Jill Barron, a Yale University psychiatrist, has worked with first responders after both 9/11 and the Sandy Hook massacre. She said first responders work in a hero culture, where broken bones and scars are considered battle wounds, while mental injuries are a sign of weakness. “They’re dealing with trauma after trauma after trauma while being told to suck it up, toughen up,” she said. “The attitude is push it down and move on.”
In a 2017 University of Phoenix survey of 2,000 first responders, nearly 40 percent said they would face negative repercussions at work for seeking mental health services.
Gerry Realin, a retired Florida police officer, said he has experienced such repercussions firsthand. Realin worked on the hazmat team that responded on June 12, 2016, to the Pulse nightclub in Orlando, where 49 people were fatally shot and 53 others were injured. After spending nearly five hours inside the club identifying, moving and body-bagging the bullet-riddled slain victims, Realin couldn’t stop having nightmares and flashbacks. The sight of a white sheet, used at the scene to cover the corpses, still takes him back to the scene. “My wife doesn’t buy white anymore,” Realin said. “All our blankets are blue.”
Realin retired on disability but is locked in a legal battle with the city of Orlando over health costs related to his treatment. (Orlando city public information officer Karyn Barber said the city “is committed to the health and well-being of our first responders” and that Realin “is receiving all benefits for which he is eligible.”)

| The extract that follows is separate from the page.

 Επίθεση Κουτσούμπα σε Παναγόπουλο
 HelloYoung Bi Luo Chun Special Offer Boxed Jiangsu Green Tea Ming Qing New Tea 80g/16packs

At the time of the Pulse shooting, Florida did not provide workers’ compensation for such mental health injuries as PTSD without an accompanying physical injury, though it does now, spurred in part by the Marjory Stoneman Douglas High School shooting in February 2018, in which 17 students and staff were killed.
Troy Anderson, a former Connecticut state police sergeant who responded to the Sandy Hook shooting and subsequently led the effort to create Connecticut’s State Troopers Offering Peer Support (STOPS) program providing officers with confidential peer counseling services, said new laws in Florida, Connecticut and elsewhere that provide benefits to first responders suffering from PTSD will help a lot of people.
However, he said he thinks there needs to be a cultural shift to provide emergency workers support long before they’re exposed to traumas that can cause PTSD. “At the [police] academy, you spend forever learning how to make your bed and do a hundred pushups, but there needs to be training for how to take care of your mental health, because tragedy is going to happen,” he said. “If you are educated ahead of time, you’re going to say, I know what this is — it’s post traumatic stress — and I know what to do, and I know it’s okay to get help.”
Dillon credits his recovery from PTSD to self-awareness, professional help from doctors, and support from his peers and his agency. “You can’t delete PTSD, you’re never completely cured, but you can learn to combat the symptoms and the triggers in a healthy way,” he said. “The old me would have a beer. Now I talk it out with somebody, or go for a hike.”
It’s important for first responders to remember that it’s normal to have a mental response to tragedies, he said. “We’re all human. We all have emotions. And we can smash the stigma so people aren’t afraid to talk about it.”